* **WHAT THIS TASK INVOLVES**
Count the lines below that contain "Certified". Give only the number.

··· DATASET RECORDS

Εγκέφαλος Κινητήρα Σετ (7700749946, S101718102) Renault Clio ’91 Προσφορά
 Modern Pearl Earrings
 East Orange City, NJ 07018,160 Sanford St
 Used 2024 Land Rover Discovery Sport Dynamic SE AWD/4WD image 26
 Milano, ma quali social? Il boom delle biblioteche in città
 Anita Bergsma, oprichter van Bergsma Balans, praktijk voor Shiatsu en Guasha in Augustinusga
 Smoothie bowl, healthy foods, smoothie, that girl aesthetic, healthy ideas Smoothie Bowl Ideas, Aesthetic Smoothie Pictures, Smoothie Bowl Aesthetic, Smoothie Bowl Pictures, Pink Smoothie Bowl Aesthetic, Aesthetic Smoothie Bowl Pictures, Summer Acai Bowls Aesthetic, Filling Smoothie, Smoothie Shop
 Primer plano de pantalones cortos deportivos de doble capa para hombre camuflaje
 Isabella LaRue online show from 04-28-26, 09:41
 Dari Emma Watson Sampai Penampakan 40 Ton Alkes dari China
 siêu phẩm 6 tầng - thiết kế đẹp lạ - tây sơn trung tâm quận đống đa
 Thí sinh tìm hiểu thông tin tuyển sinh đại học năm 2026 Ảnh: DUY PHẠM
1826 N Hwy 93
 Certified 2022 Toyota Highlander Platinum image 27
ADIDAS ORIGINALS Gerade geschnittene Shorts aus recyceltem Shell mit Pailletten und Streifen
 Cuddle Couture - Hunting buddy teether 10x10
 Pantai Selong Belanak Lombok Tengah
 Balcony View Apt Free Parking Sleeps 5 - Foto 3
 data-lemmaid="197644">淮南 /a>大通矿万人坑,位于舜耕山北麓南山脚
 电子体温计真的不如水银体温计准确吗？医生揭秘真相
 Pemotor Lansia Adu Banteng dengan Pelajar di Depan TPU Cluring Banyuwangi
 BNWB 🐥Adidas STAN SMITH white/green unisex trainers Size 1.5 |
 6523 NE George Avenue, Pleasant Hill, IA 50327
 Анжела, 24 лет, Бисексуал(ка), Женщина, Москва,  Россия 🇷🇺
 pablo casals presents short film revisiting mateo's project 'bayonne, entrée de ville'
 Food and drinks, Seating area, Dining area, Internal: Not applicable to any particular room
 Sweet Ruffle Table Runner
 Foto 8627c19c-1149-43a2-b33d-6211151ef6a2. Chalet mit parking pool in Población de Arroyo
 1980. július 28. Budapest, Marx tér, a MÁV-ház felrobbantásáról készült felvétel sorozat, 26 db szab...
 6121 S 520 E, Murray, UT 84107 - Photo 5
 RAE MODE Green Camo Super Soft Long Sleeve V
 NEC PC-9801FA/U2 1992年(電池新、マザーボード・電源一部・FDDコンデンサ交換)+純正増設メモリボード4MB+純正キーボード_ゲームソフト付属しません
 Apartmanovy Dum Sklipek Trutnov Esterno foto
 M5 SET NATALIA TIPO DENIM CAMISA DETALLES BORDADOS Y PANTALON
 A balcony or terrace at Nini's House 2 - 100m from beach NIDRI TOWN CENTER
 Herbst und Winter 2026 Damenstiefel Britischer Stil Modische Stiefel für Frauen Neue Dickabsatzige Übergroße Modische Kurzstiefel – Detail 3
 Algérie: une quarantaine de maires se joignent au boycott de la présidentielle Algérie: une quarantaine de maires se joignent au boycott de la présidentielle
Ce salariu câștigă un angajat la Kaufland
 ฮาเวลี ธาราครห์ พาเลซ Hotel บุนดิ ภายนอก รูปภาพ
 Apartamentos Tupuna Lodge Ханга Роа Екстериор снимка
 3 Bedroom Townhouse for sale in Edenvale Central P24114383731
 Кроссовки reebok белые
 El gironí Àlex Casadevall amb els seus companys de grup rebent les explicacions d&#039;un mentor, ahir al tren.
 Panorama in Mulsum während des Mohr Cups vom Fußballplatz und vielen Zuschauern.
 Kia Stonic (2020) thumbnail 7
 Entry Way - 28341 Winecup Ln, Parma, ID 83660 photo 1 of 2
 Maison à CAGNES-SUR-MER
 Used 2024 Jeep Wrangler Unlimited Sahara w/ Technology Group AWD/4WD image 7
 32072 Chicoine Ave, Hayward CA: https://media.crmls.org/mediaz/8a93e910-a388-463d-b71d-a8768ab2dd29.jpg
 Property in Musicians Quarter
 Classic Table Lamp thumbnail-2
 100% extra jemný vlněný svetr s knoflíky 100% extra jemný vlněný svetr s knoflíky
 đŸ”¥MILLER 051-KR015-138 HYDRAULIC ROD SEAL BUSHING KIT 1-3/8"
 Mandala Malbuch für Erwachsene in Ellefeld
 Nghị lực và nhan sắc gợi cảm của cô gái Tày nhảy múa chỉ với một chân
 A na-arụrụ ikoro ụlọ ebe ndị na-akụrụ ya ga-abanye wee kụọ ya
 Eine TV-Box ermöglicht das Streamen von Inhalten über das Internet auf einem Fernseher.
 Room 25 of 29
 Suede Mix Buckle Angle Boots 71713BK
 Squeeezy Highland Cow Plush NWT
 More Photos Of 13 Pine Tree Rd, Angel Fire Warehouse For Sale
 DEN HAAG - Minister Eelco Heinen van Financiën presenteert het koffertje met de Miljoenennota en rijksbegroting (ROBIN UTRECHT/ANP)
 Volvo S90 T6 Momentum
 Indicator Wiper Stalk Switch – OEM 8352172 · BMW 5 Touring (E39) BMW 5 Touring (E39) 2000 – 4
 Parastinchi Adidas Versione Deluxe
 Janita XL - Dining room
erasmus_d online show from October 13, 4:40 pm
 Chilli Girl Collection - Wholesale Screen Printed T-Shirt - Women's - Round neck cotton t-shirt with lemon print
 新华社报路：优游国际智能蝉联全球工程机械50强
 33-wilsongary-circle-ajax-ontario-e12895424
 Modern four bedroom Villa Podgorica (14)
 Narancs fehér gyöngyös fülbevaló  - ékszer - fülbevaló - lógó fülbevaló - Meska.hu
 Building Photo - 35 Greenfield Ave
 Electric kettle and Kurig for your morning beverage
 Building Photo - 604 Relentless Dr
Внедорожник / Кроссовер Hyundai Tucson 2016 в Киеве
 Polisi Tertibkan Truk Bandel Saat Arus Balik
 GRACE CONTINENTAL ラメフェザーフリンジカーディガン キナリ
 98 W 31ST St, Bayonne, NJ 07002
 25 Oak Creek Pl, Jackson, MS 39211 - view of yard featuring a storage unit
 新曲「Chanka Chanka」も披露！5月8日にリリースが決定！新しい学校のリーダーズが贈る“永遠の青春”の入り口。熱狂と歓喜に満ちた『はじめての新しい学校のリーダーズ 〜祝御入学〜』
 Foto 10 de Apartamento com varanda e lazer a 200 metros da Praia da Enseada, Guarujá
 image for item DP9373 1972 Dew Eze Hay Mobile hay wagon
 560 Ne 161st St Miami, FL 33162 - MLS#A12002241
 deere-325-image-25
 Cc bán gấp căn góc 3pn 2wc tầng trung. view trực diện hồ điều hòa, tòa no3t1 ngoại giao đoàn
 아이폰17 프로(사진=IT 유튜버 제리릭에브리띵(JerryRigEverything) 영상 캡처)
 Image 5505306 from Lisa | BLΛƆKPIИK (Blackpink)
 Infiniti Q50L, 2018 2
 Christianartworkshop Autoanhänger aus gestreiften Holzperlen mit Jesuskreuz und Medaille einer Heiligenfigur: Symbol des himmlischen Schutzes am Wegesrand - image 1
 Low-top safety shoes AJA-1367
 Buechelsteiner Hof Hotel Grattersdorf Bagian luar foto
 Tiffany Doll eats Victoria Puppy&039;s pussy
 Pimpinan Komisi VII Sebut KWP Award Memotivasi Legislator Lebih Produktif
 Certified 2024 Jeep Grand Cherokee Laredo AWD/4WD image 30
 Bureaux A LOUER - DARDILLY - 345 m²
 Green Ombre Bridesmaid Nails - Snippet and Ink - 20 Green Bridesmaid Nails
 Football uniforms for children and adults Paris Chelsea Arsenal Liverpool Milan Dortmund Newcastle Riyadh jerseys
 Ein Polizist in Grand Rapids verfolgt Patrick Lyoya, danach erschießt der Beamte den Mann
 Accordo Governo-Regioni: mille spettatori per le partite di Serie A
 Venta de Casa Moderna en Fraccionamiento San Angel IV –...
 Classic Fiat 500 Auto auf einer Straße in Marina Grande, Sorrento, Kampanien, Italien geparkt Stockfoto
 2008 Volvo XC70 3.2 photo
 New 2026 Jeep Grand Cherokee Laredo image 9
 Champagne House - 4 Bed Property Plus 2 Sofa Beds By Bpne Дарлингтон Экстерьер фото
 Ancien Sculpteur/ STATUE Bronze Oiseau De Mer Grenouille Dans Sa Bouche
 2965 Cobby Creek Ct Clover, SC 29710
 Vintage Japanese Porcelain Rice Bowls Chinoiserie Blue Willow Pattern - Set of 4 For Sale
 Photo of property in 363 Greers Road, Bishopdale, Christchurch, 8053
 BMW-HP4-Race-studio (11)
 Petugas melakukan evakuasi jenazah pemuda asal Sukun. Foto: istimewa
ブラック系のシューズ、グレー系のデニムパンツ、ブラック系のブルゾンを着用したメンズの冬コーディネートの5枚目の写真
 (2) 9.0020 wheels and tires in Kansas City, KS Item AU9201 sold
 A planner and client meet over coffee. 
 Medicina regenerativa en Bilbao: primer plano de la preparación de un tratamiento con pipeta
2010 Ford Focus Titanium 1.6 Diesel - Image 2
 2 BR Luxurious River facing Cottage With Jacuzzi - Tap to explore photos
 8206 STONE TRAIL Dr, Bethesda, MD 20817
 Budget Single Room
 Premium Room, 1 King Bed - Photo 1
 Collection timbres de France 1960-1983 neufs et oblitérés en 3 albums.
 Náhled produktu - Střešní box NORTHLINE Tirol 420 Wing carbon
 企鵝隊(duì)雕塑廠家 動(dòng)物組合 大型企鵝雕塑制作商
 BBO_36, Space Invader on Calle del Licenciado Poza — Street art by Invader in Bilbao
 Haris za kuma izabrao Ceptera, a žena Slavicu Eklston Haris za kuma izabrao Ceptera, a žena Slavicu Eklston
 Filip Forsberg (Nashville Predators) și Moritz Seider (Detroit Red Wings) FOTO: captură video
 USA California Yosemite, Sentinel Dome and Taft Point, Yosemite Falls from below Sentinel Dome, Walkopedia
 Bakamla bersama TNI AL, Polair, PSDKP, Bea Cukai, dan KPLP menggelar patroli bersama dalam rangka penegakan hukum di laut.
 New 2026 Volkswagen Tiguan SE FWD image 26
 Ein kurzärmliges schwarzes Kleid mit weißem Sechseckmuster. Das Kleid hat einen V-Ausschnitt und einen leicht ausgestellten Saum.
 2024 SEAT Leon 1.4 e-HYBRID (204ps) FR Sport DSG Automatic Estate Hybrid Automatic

······

* **ANSWER FOR THE TASK**
2